Q: What is buoyancy reversal and why is it important to cumulus dynamics?
A: When saturated, cloudy air mixes with unsaturated air, the density of the mixture can be greater than the density of either component. The most dense mixture is the one in which just enough dry air is added to evaporate all the cloud water. In terms of cloud dynamics, this means the average density (or buoyancy) of a finite volume of air is different if that volume contains folded filaments of cloudy and dry air vs. if those filaments have truly mixed at the molecular level.
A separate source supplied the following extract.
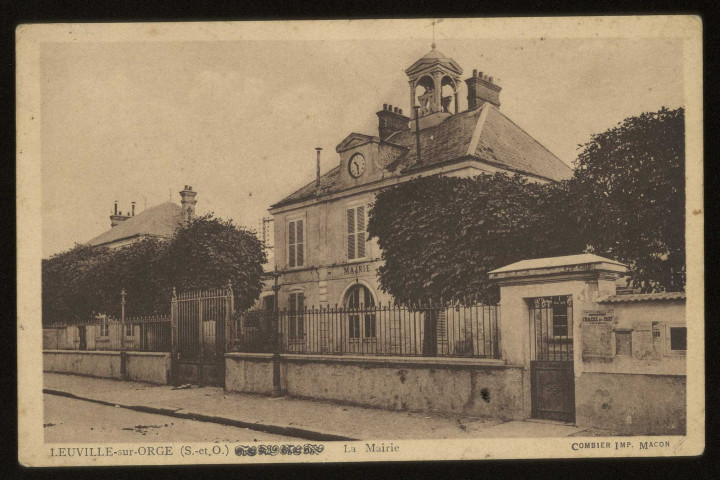 LEUVILLE-SUR-ORGE. - La mairie. Editeur Combier Imprimeur, Mâcon, collection Teyssèdre, Leuville-sur-Orge, 1939, timbre à 40 centimes, sépia.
Numerical averaging and instrument response times tend to act like mixing, so both models and slow-response observations of cumulus clouds may give an inaccurate picture if the true buoyancy in turbulent, incompletely mixed clouds.

Q: What 2 terms are in the w equation for a convective updraft?
A: Buoyancy and a PGF involving the pressure perturbations p' (deviations from a hydrostatic reference state).

Q: What is the role of p', and what 2 main terms can it be broken into?
A: p' is the pressure field necessary to enforce mass continuity (i.e. to prevent mass convergence or divergence, in an incompressible or Boussinesq flow) in the presence of a field of forces that may be strongly divergent/convergent. Therefore, p' is like the inverse laplacian of the divergence of the other forces. Those other forces are buoyancy, whose divergence is dB/dz, and advection of momentum, whose divergence involves 2 parts: a "spin" term (vorticity squared, which drives a negative p') and a "splat" term (deformation squared, which drives a positive p'). So there is a buoyancy-driven p', and a dynamic p', and the dynamic p' can be further broken down.

Q: In a supercell, the dynamic p' has two main parts of importance. What are they?
A: 1. The spin term for vertical vorticity, producing low p' where vortex tubes in the environmental shear are tilted to make mesocyclones, and 2. the 'obstacle effect' p' due to vertical momentum transport in a vertically sheared horizontal environmental flow. It makes a high p' on the upshear side of an updraft, where the oncoming flow crashes into the momentum from below that has been brought up in the updraft.


Q: What are the anelastic and Boussinesq approximations?
A: Taking density to be a constant (Boussinesq) or reference function of height only (Anelastic). It simplifies the PGF (not a product of 2 variables any more so derivatives don't proliferate terms y the Chain Rule). Also the continutity equation is simplified, which simplifies the jump from advective form to flux form.

Q: What are the energetics of a 3D (whole fluid) convecting fluid body in the Boussinesq approximation?
A: The integral [bQ] (correlation of heating and buoyancy) creates potential energy. The integral [bw] (rising of buoyant air) converts that to kinetic energy. The integral [F•U] (flow opposed by friction) removes kinetic energy.